The records:
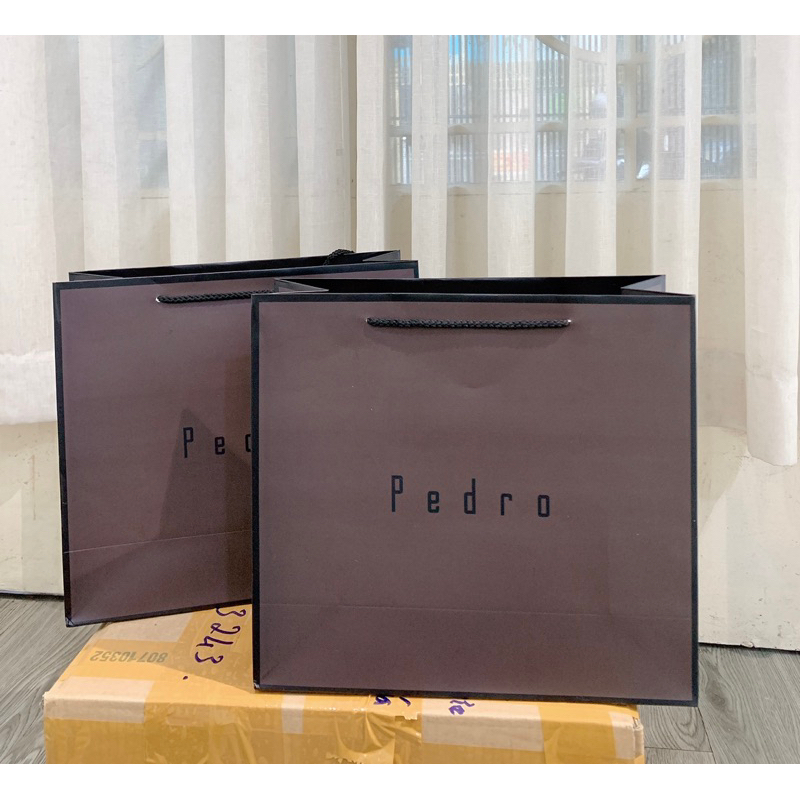 Túi giấy hãng Pe.dro đựng làm quà tặng có quai xách siêu sang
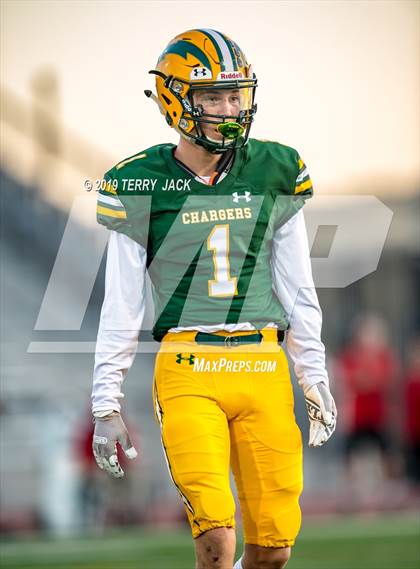 Thumbnail 2 in Edison vs. Orange Lutheran photogallery.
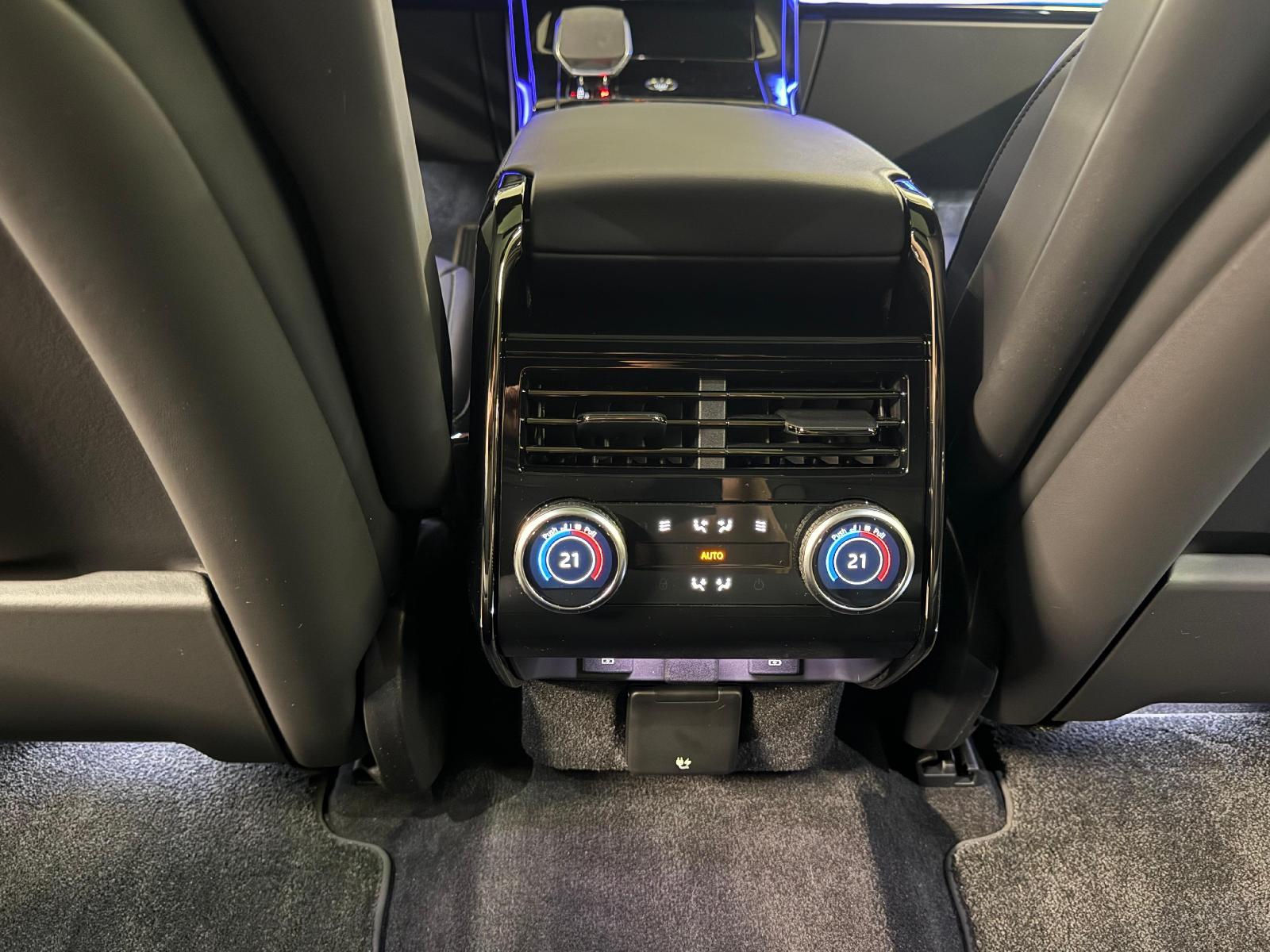 LAND ROVER Range Rover Sport 3.0 I6 P460e HSE Dynamic-image-18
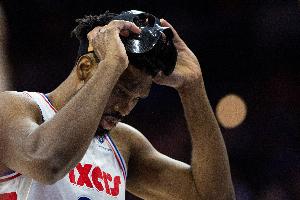 崴腳堅(jiān)持作戰(zhàn)！恩比德15中8拿下27分9籃板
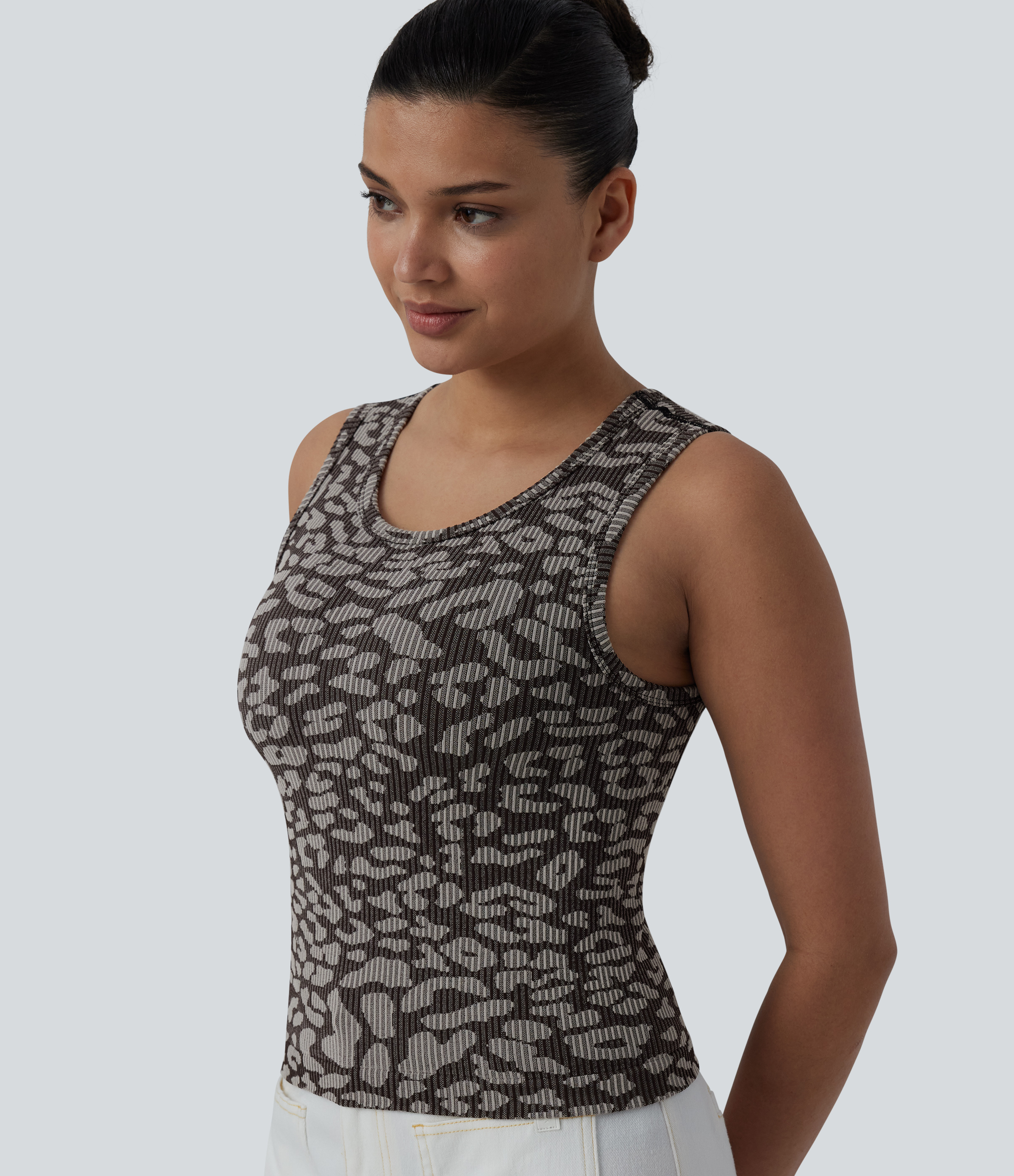 OneForm Seamless Flow Round Neck Leopard Print Casual Tank Top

What you are asked to do:
Repeat the records word for word. Any picture in them should be left out.

Output for this exercise:
 Túi giấy hãng Pe.dro đựng làm quà tặng có quai xách siêu sang
 Thumbnail 2 in Edison vs. Orange Lutheran photogallery.
 LAND ROVER Range Rover Sport 3.0 I6 P460e HSE Dynamic-image-18
 崴腳堅(jiān)持作戰(zhàn)！恩比德15中8拿下27分9籃板
 OneForm Seamless Flow Round Neck Leopard Print Casual Tank Top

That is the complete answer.